Consider other mediums besides fine art for investment opportunities. Black-and-white vintage and midcentury photography is hot now. Architectural drawings, renderings, and sketches also are generating interest. “This is a new area for collectors,” Hough says. “Palm Springs, with all the interest in midcentury architecture, is a perfect spot for collecting.”
Listen to Nicholas Lowry, president and principal auctioneer of New York’s Swann Auction Galleries, which specializes in antique books, photographs, maps, and fine art on paper. “Today I tell clients. ‘Buy what you like, enjoy it, and then sell it later on when you need money.’”
Karen Keane, CEO of Boston’s Skinner Auction House and Appraisal Service, thinks “the lower end of the antique American furniture market still has value left.” Select a specific style and start collecting. Look to 17th, 18th, and 19th century European furniture and decorative arts for additional buying opportunities.

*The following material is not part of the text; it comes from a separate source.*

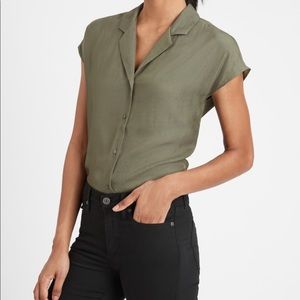 Banana Republic Resort Shirt, flight jacket green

Christine Weiner, a certified estate and trust lawyer specialist in Indian Wells, stresses the importance of frequent and current appraisals. “They will determine what estate tax problems you may face as your collection increases in value,” she says.
Collecting adds another dimension to an investment portfolio. Just as you would with stocks, seek out experts, conduct due diligence, and refrain from impulse buying and selling.